David and I stand too close together and gossip. We find safety in our bubble and use that safety to dismantle the other people around us. David pretends not to notice Lucas. I can’t tell if he’s being polite or defensive.
Lucas is in a state now. His tie is partially loosened and partially tight, one of the middle buttons of his shirt is undone, his jacket is strewn in a booth somewhere, his glasses are all greased and cockeyed on top of his head, and he needs to lean on the bar for support. Despite this, he’s become even more disarming and lovable to everyone in the room. The cocktail waitresses are huddled in the corner talking about him, and he has his hand on the panty-hosed leg of someone else’s girlfriend. No one seems to mind.
When I approach, his hand slides back into his own lap.
“Act like you love me, you stupid asshole,” I say with a smile.
“I do love you, you dirty whore,” he replies, and he might not be joking. “But I’m tired, and I have a long week coming up, so I’m going home.” He pulls his coat into his hands and makes a show of looking around the bar for his suit jacket. “If you see my jacket, will you bring it home with you? I don’t have time to go searching for it now.”
“No problem,” I say, hiding the cigarette and lighter I have clutched in my fist, as if I wasn’t about to step outside. If I give him a seamless exit, I can save myself from another one of his drunken attacks.
“You don’t have to come with me. I’ll get home fine,” he slurs, and I give the panty-hosed girl a side-eye. We perform our saying-goodbye act, with big hugs and kisses, and after he doesn’t bother to pay his tab, he stumbles out the door. I pretend not to notice the panty hose follow him out.
“You gonna be okay if I go, too?” David asks, joining me in pretending he didn’t see anything.
“Yeah, I’m probably only going to have one or two more.”
After tugging his coat over his shoulders, he leaves a fifty on the bar and wraps me in a bear hug. “I’ll see you on Monday, but call me if anything stupid happens, okay?”
“Thanks, David. I’ll see you Monday. Home safe.”
Now that David and Lucas are both gone, I can turn my attention to AJ. He’s been sitting at a booth with some people I don’t know, but from the looks he’s been giving me, I know that we’re both waiting for the moment—the moment in time when it’s going to be okay and we can run into the other room, the other world, the other universe where we can wrap up in one another and not worry what anyone else thinks, what anyone else knows, what anyone else can see, but at the same time, we know that that’s never going to happen. So we have to live in between the lines. We have to be somewhere only he knows, and only I know, and no one says anything, because there’s nothing to say. Where we can walk in daylight and hear no voices.
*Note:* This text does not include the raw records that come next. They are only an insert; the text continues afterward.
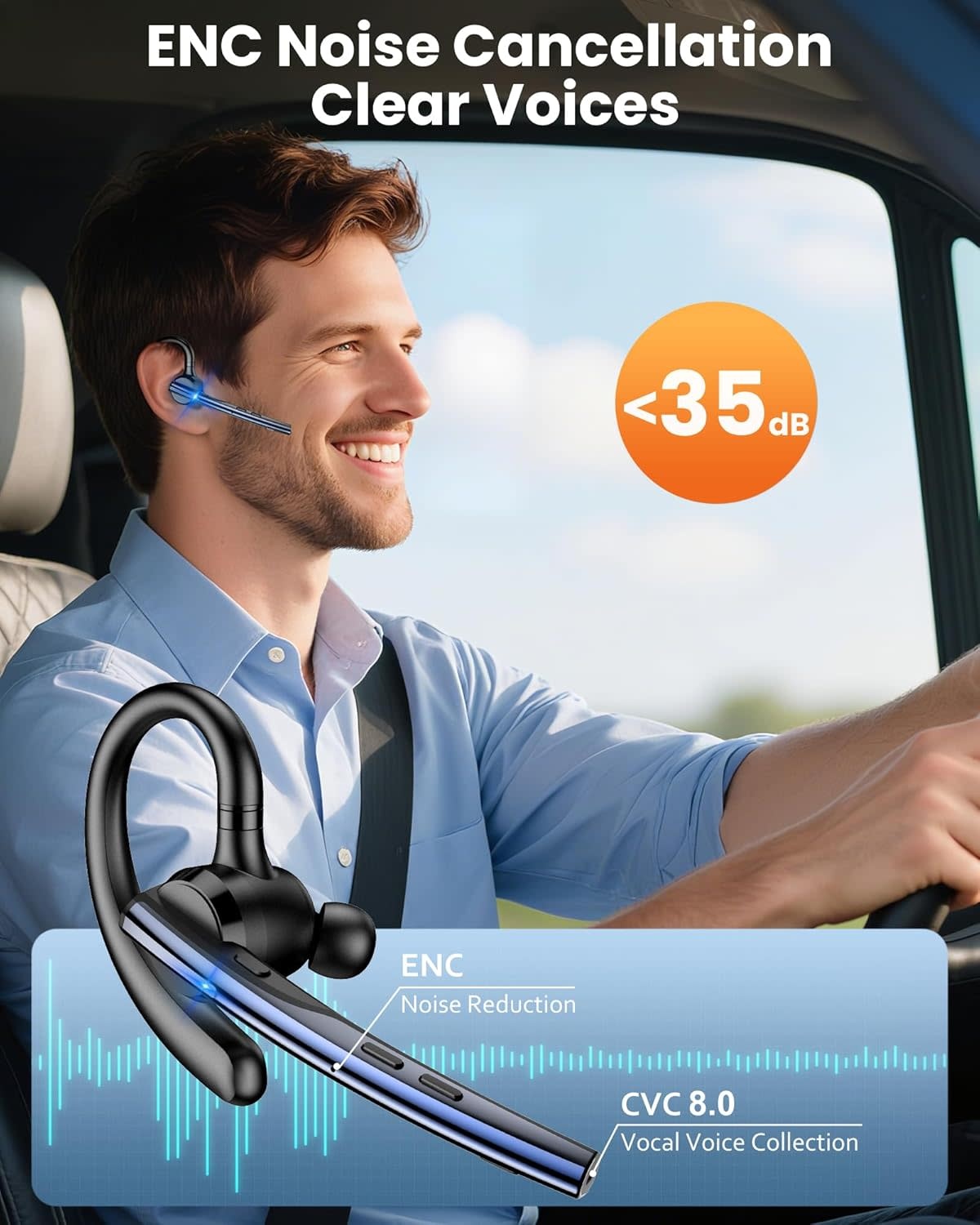 In-Ear Wireless Bluetooth® Single-Ear Mono Headset with Microphone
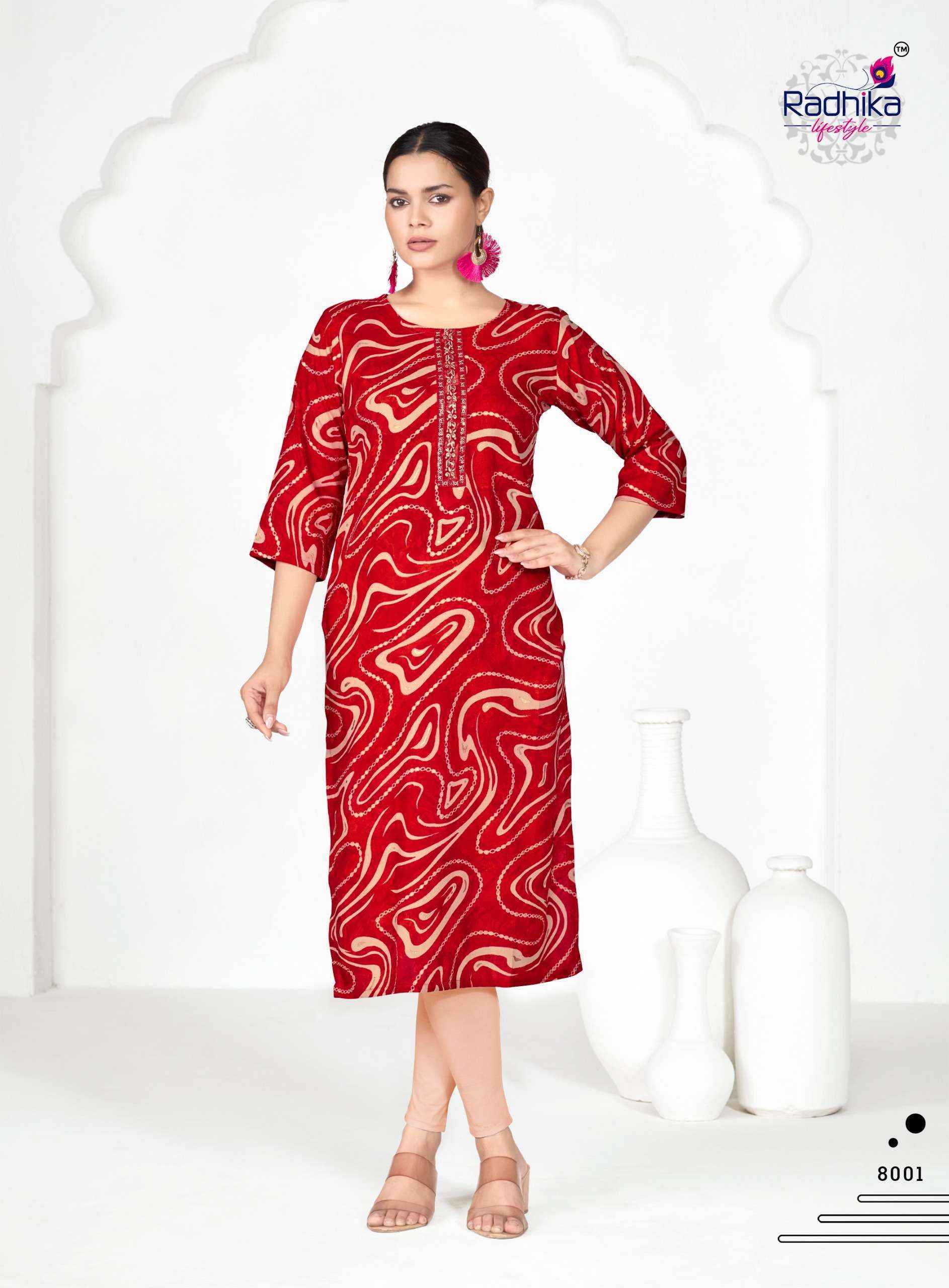 Radhika Lifestyle Alisha Vol-8 Rayon Kurti (9 pcs Catalogue)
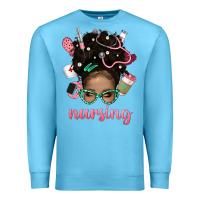 Ocean Blue Afro Messy Bun Nursing Bbs Premium Sweatshirt - BundleAndBundleShop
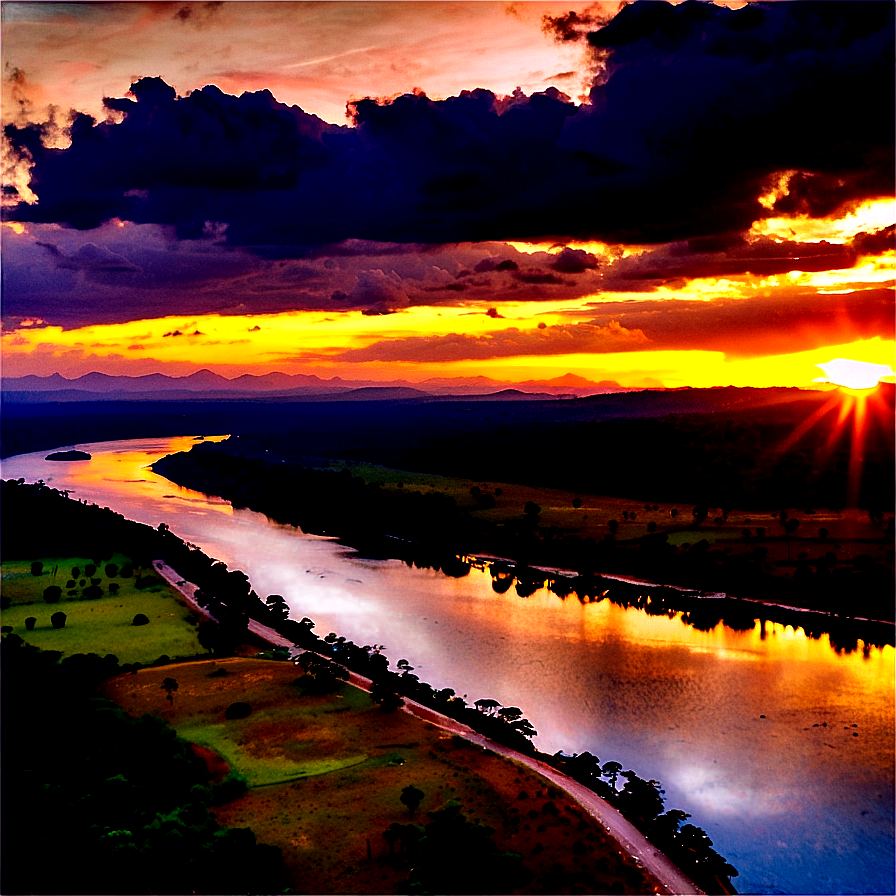 Sunset Over River Png Rnh91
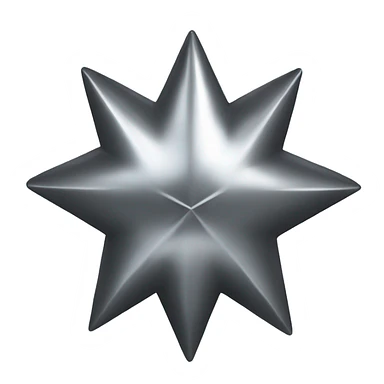 Metal star 4-spike sticker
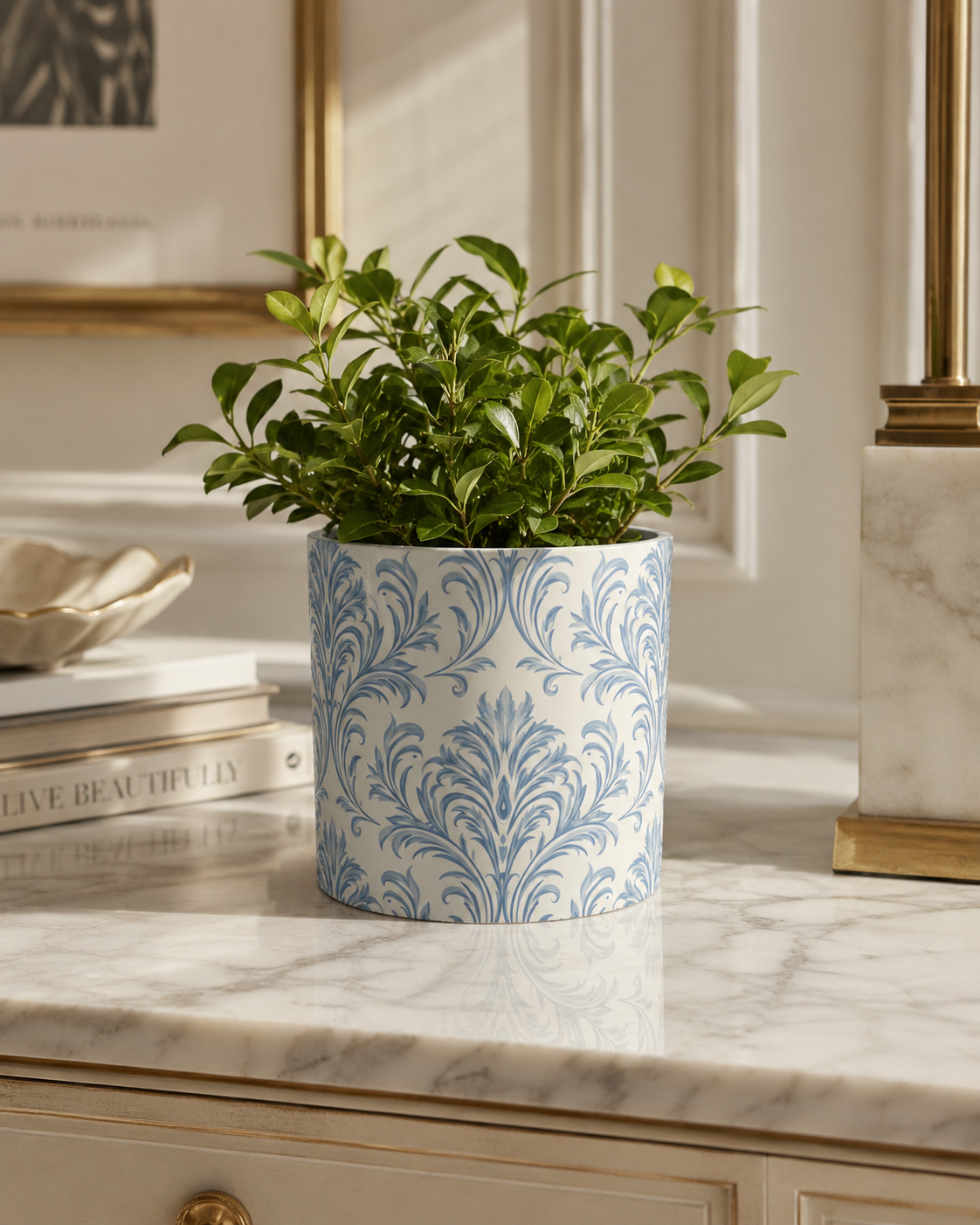 Cobalt Damask Plant Pot – Decorative Planter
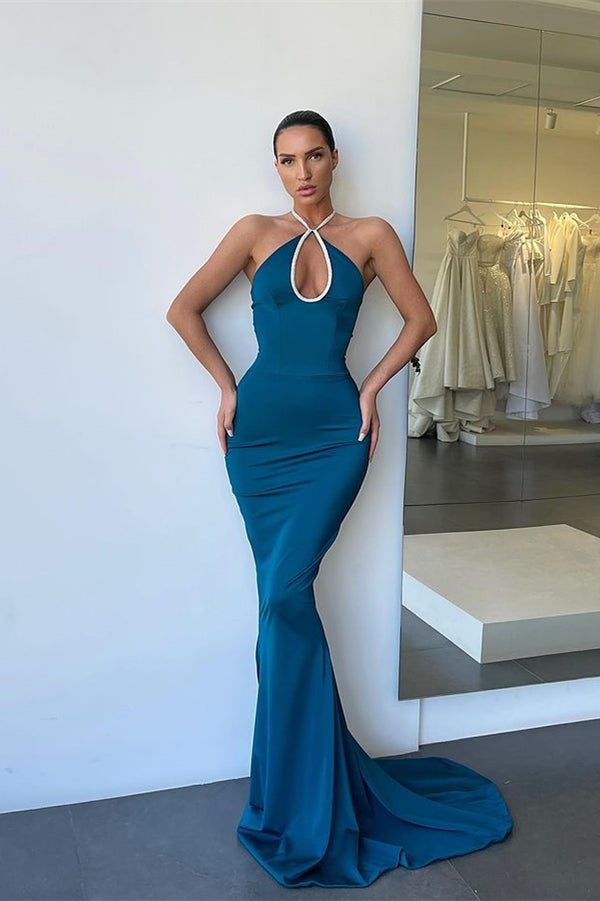 Prom Dress - Dark Blue Sleeveless Halter Mermaid Gown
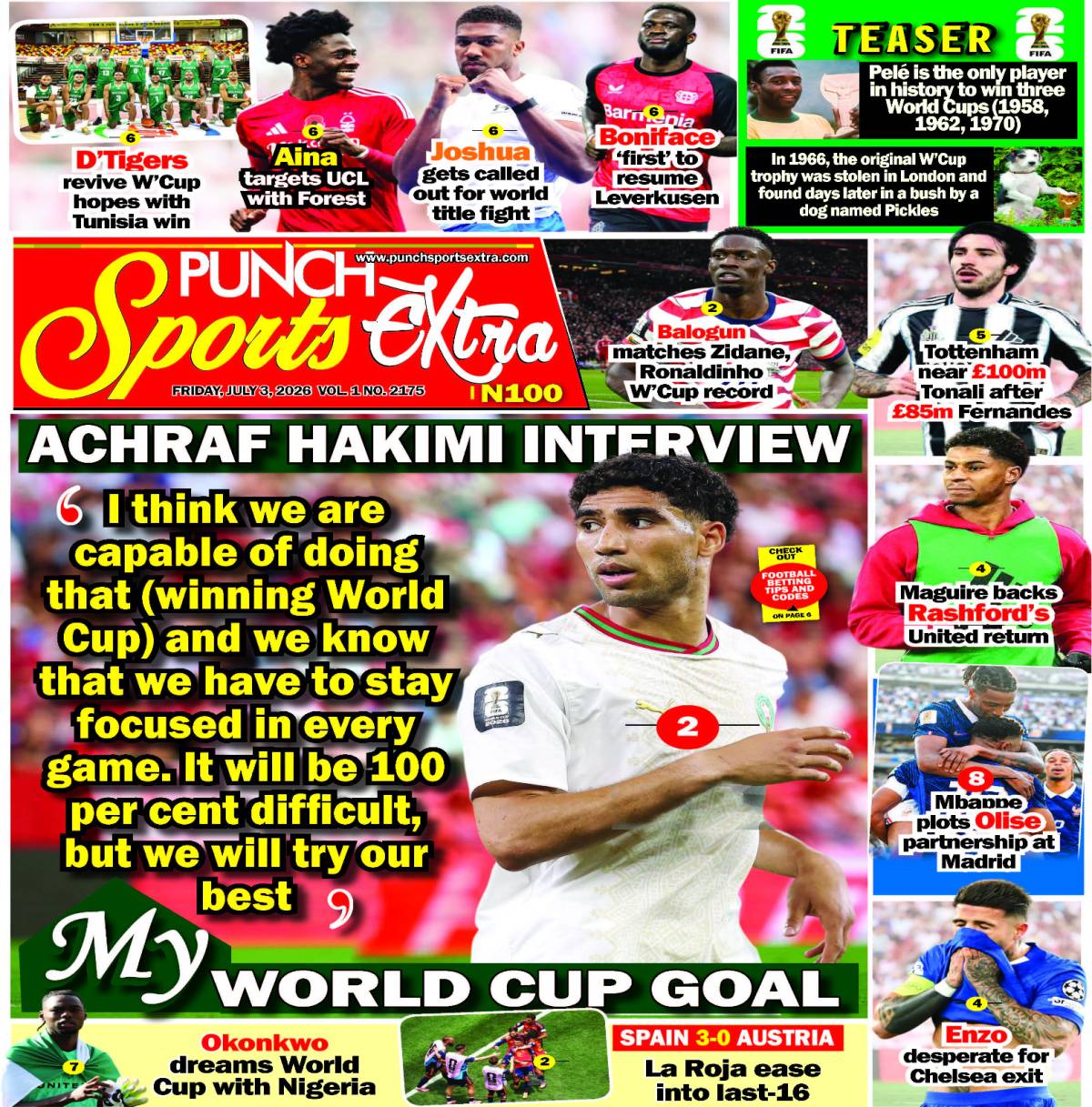 JULY 3 - PUNCH Sports Extra Headlines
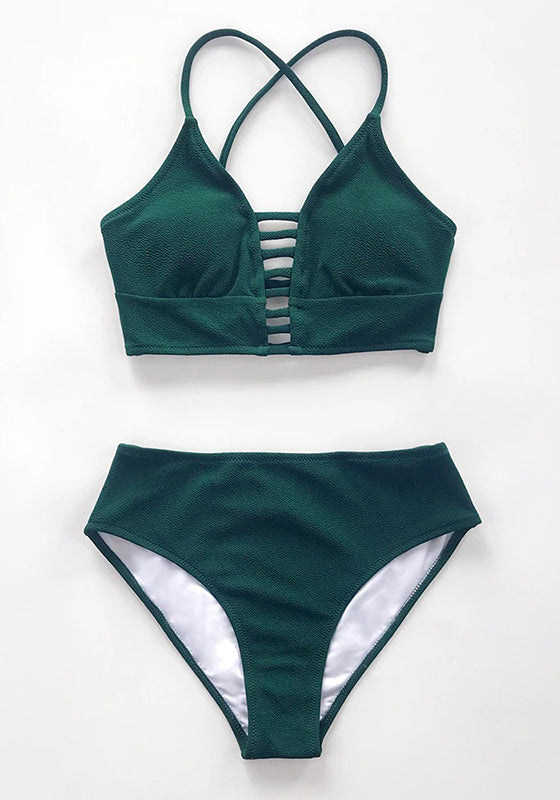 Solid Green Lace Up Bikini Set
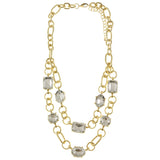 Adjustable Length Layered-Necklace With Faceted Accents  Gold-Tone Color #2477 - Mi Amore
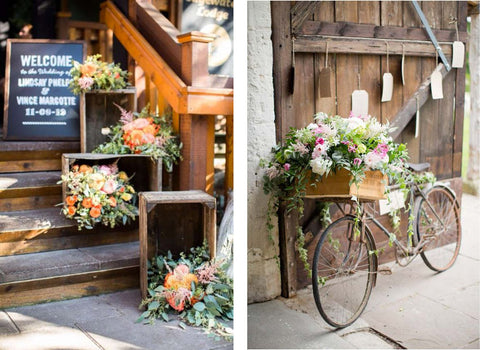 Déco vintage de mariage avec des caisses en bois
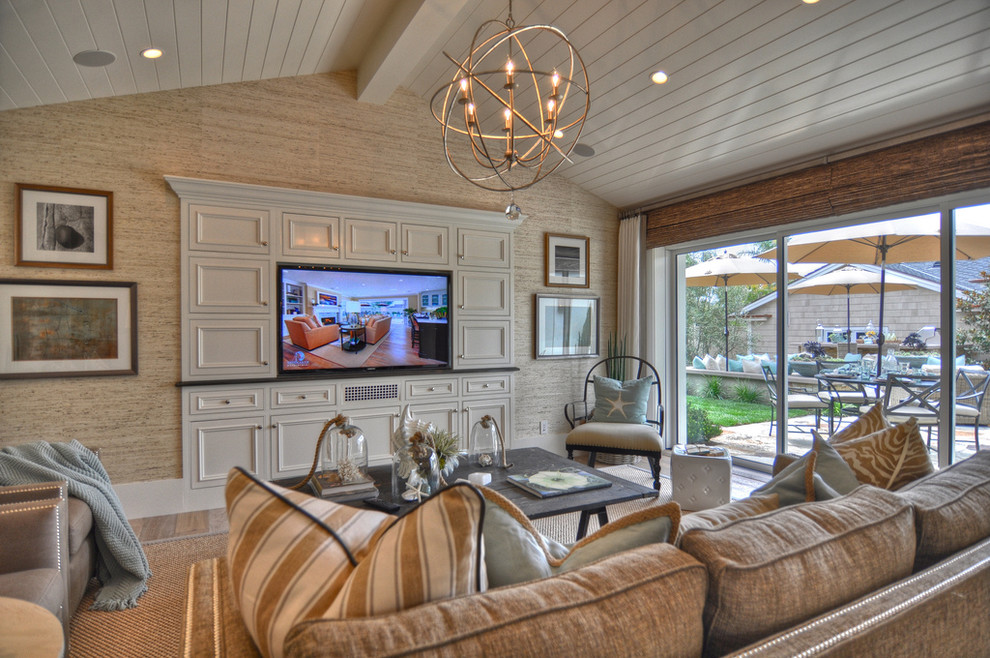 Beach style family room photo in Los Angeles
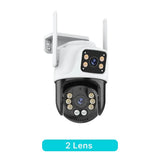Three Lens PTZ IP Camera Outdoor WiFi Security Auto Tracking Three Screen App by stepyours.com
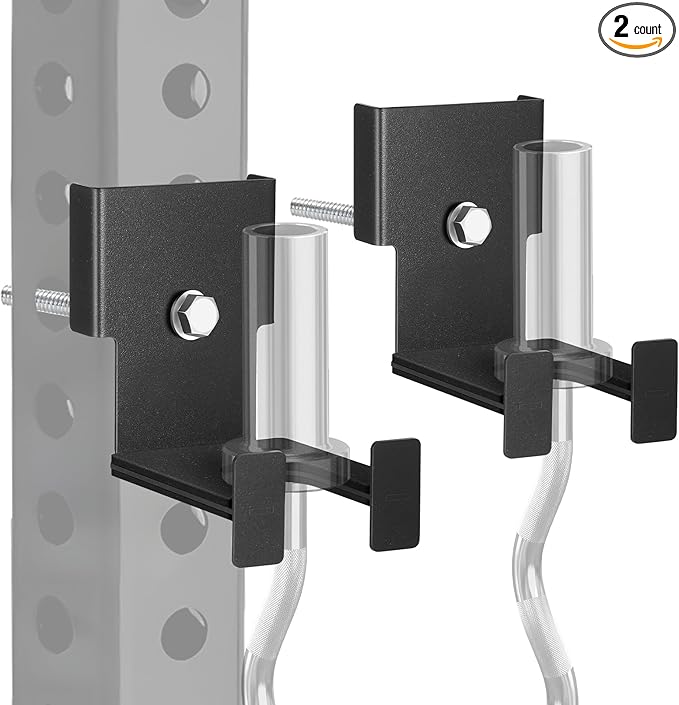 2 Pcs Barbell Holder for 3 x 3 Weight Racks Steel Barbell Mount Rack Vertical Training Curl Bar Holder Fits 5/8''-1'' Holes, No Drilling Required, Bearing 20 Pounds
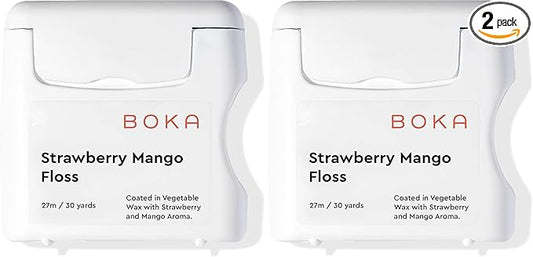 Boka Strawberry Mango Woven Dental Floss, Made from Natural Vegetable Wax, Teflon-Free, 30 Yards of Waxed Floss (Pack of 2)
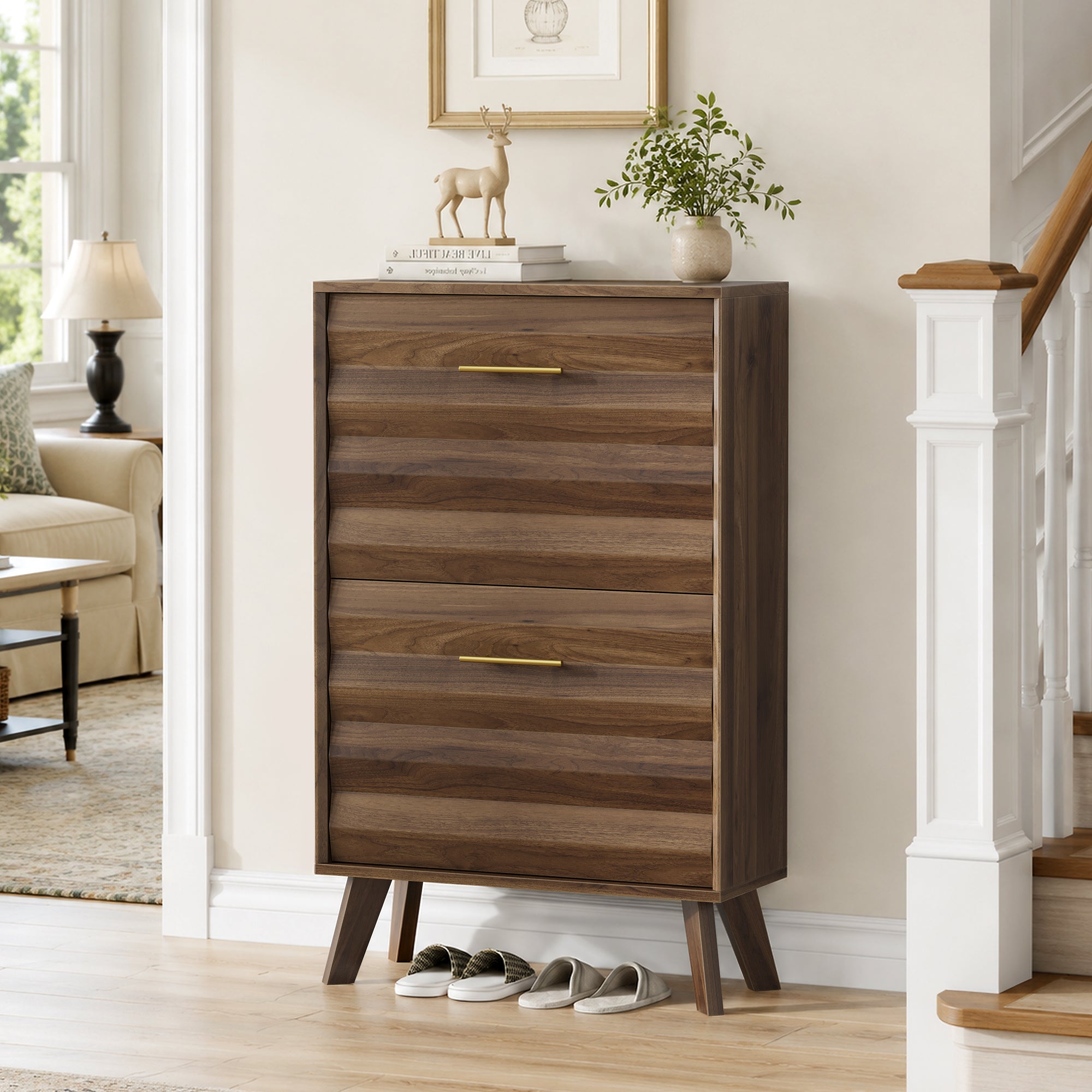 GDFStudio Curran 23.6" Mid-century Modern Flip-Top Freestanding Wooden Shoe Cabinet, Walnut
Even though it’s the same bar we’re always at, somehow the walls seem new to me. All the things around us seem to be brighter. The cheeky quotes written in chalk on the blackboard behind the bar are funnier. The music sounds like something I haven’t been listening to for the last two months. There’s something about the way he looks at me that takes down every single wall I have ever erected in order to keep people out.
He’s standing at the DJ booth now, putting on a song and pointing at me across the bar. I’m doing everything I can to stay as far away from him as possible. He sees this and he sees me, and he puts on my favorite song and mouths to me, This is for you.